DATA FOR ANALYSIS

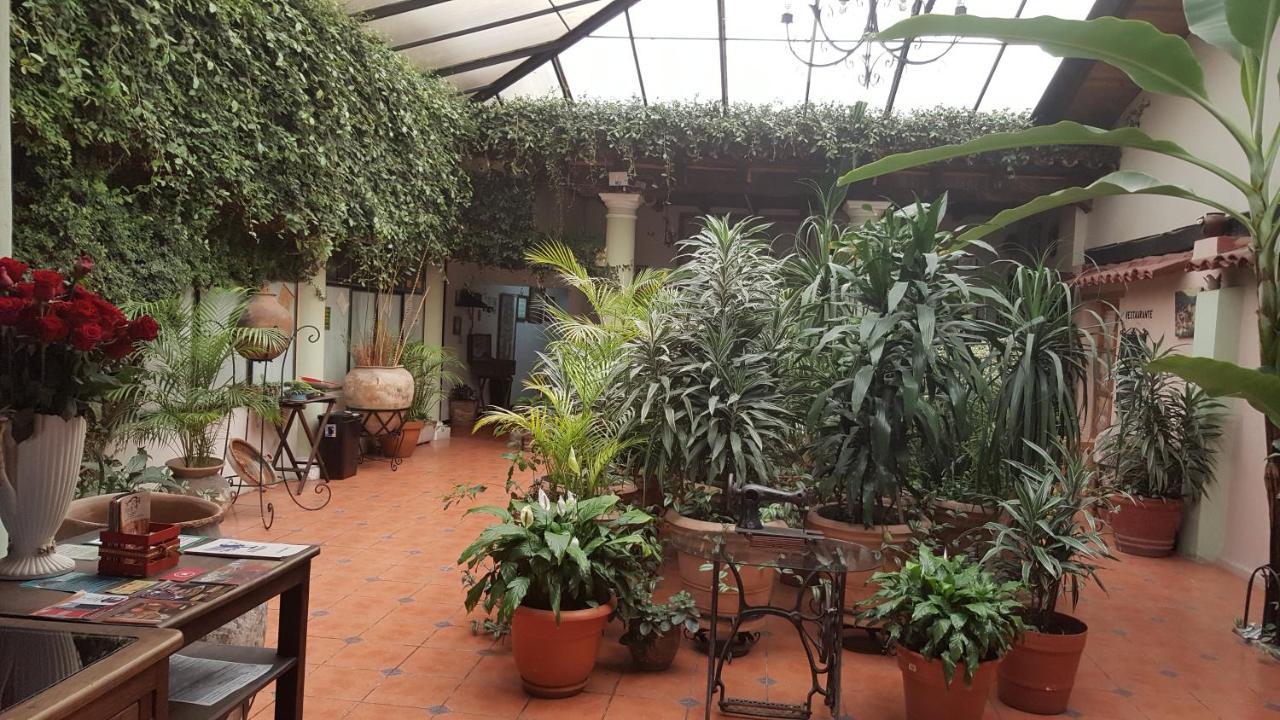 Hotel San Luis San Cristóbal de Las Casas Esterno foto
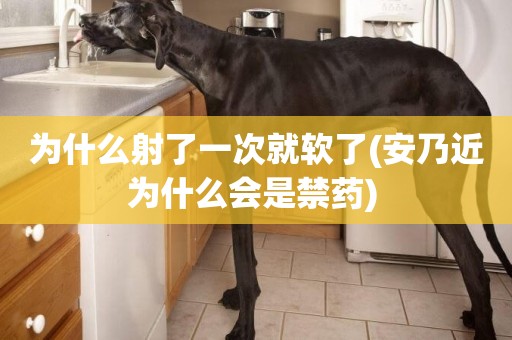 為什么射了一次就軟了(安乃近為什么會是禁藥) 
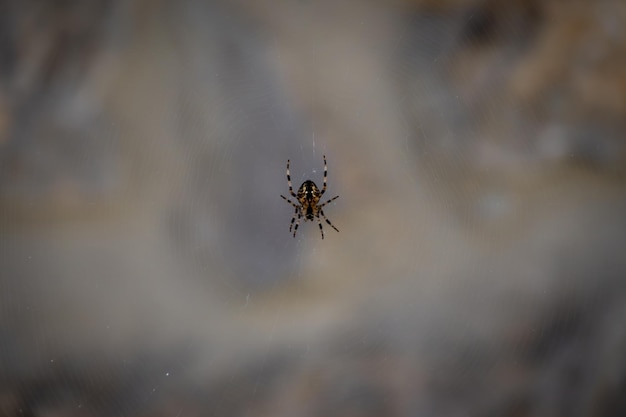 Aranha na sua teia colocada na sua teia nas paredes de Sotres Asturias Espanha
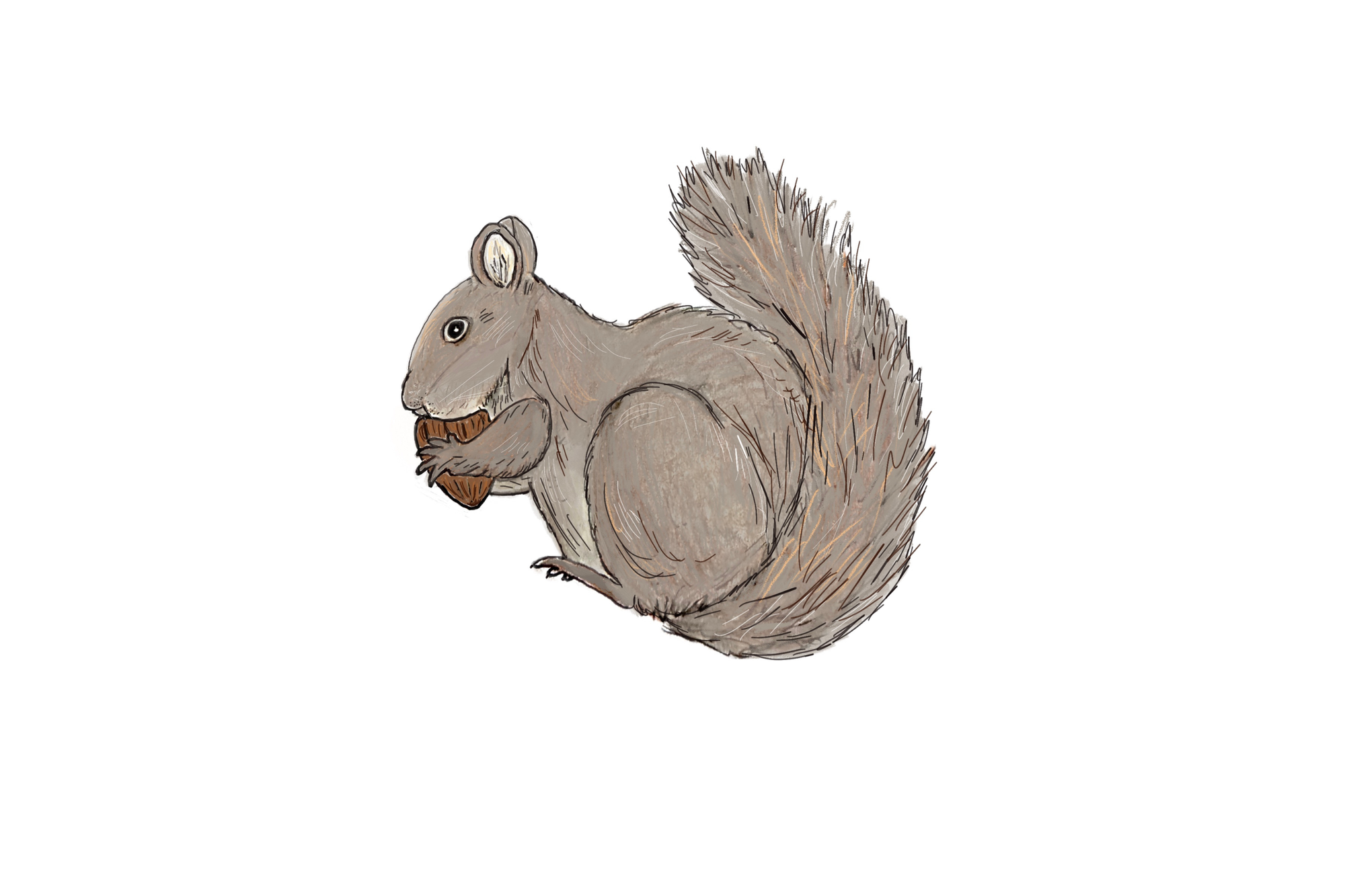 An illustration of a gray squirrel checking out an acorn.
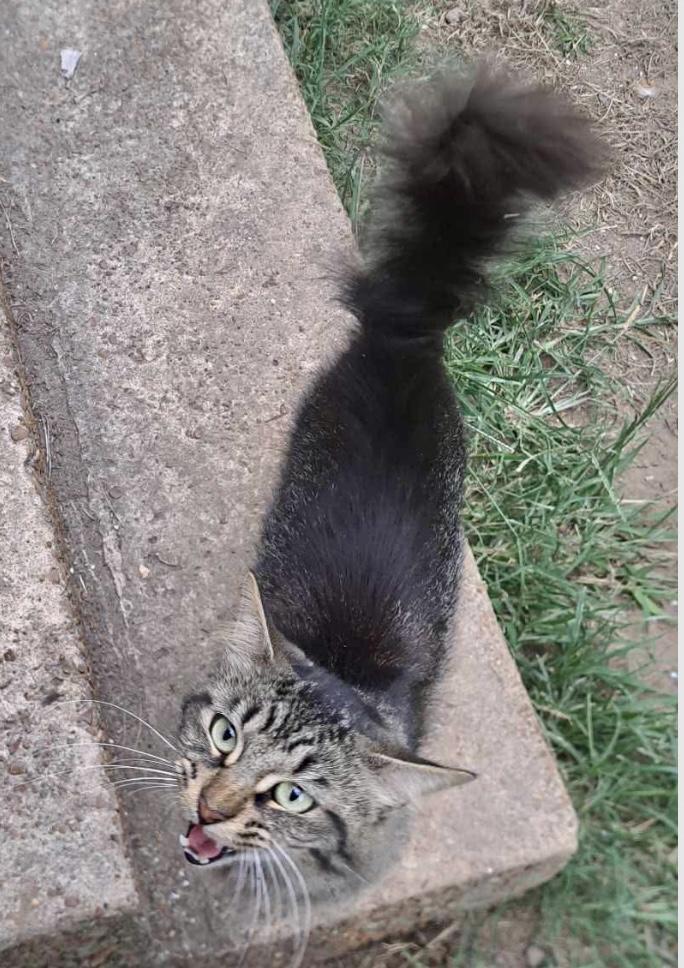 Smokey, a Adoptable Domestic Medium Hair in Melbourne, AR image 6/6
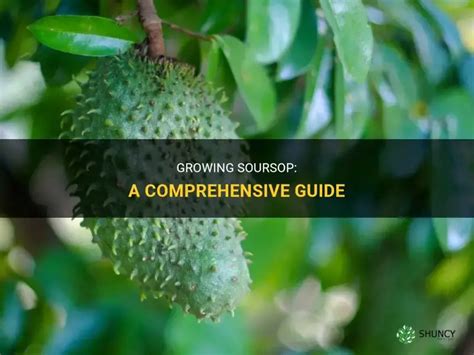 Growing Soursop: A Comprehensive Guide - ShunCy - balustradellc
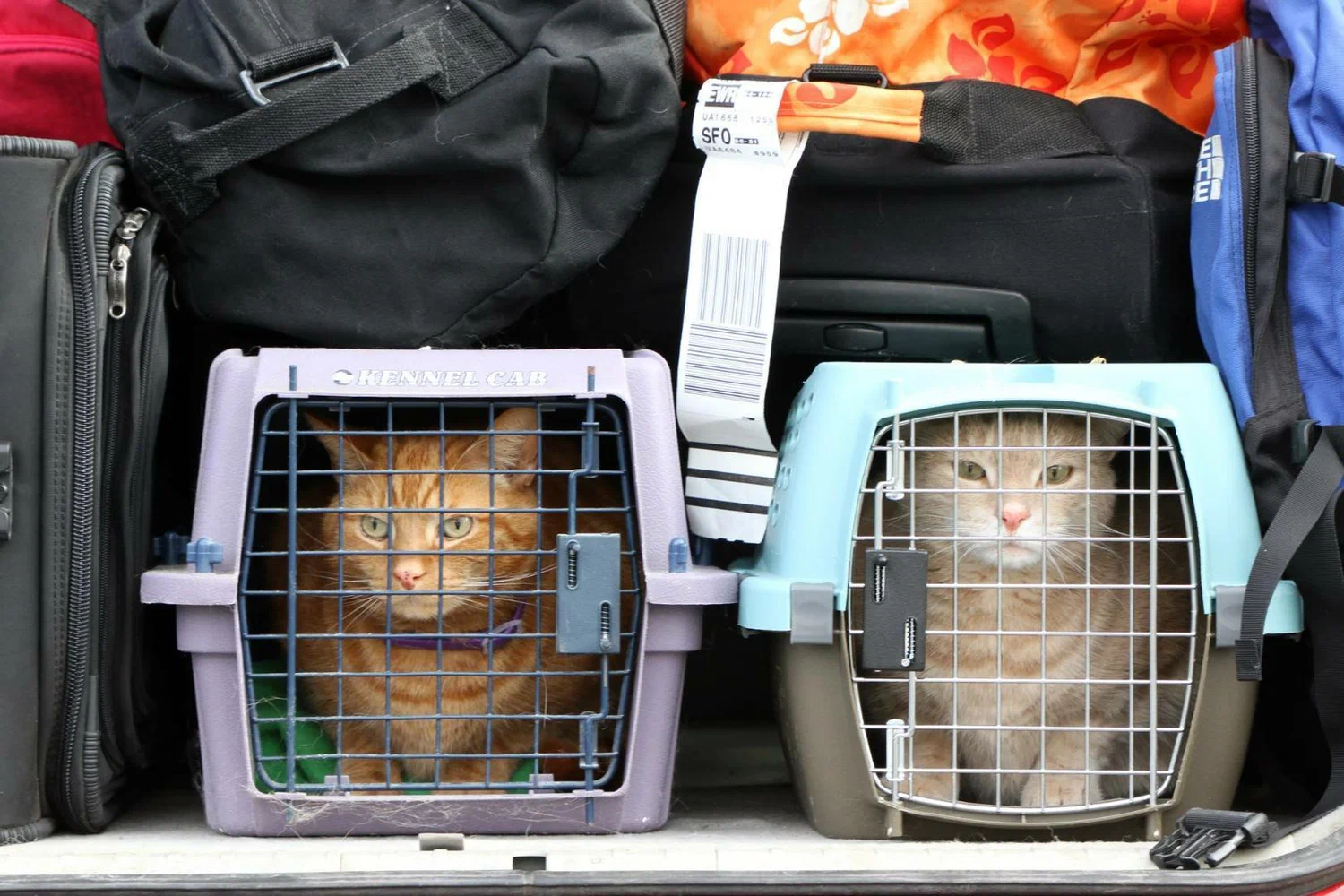 Safety Tips for Traveling Long Distance with Cats in a Car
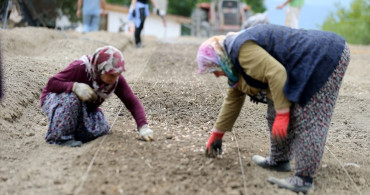 Karabük'te Safran Ekim Sezonu Başladı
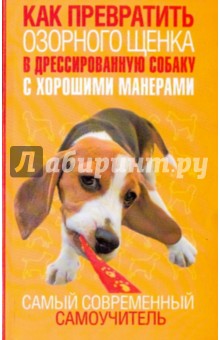 Как превратить озорного щенка в дрессированную собаку с хорошими манерами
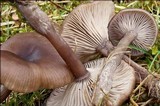 Pseudoclitocybe expallens image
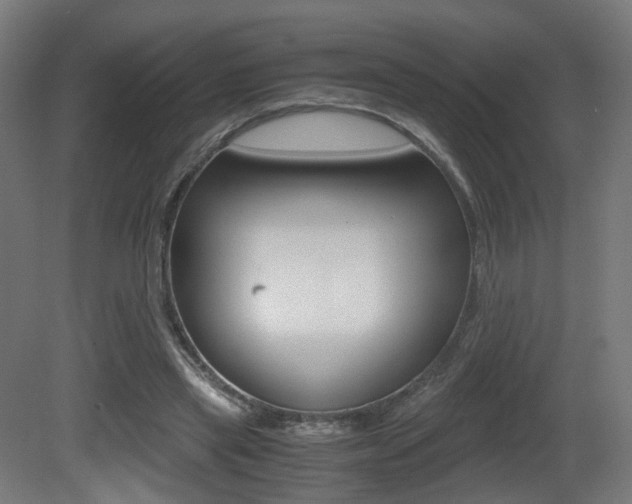 X0000081390445200701111211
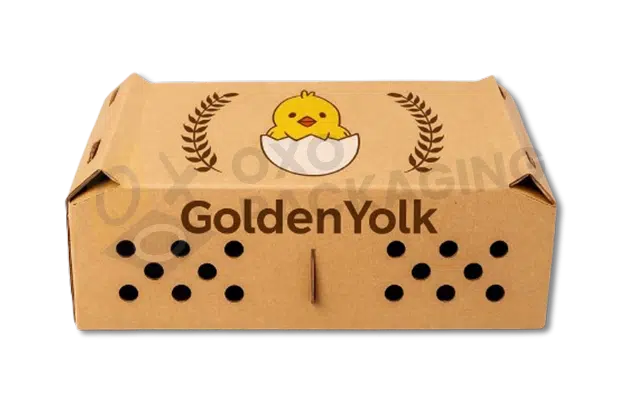 chick boxes in affordable price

WHAT TO WORK ON
Could you repeat, exactly and with nothing else, the lines from the one containing "Safety Tips for" through the last line of the records above, leaving out the pictures?

RESPONSE TO THIS TASK
 Safety Tips for Traveling Long Distance with Cats in a Car
 Karabük'te Safran Ekim Sezonu Başladı
 Как превратить озорного щенка в дрессированную собаку с хорошими манерами
 Pseudoclitocybe expallens image
 X0000081390445200701111211
 chick boxes in affordable price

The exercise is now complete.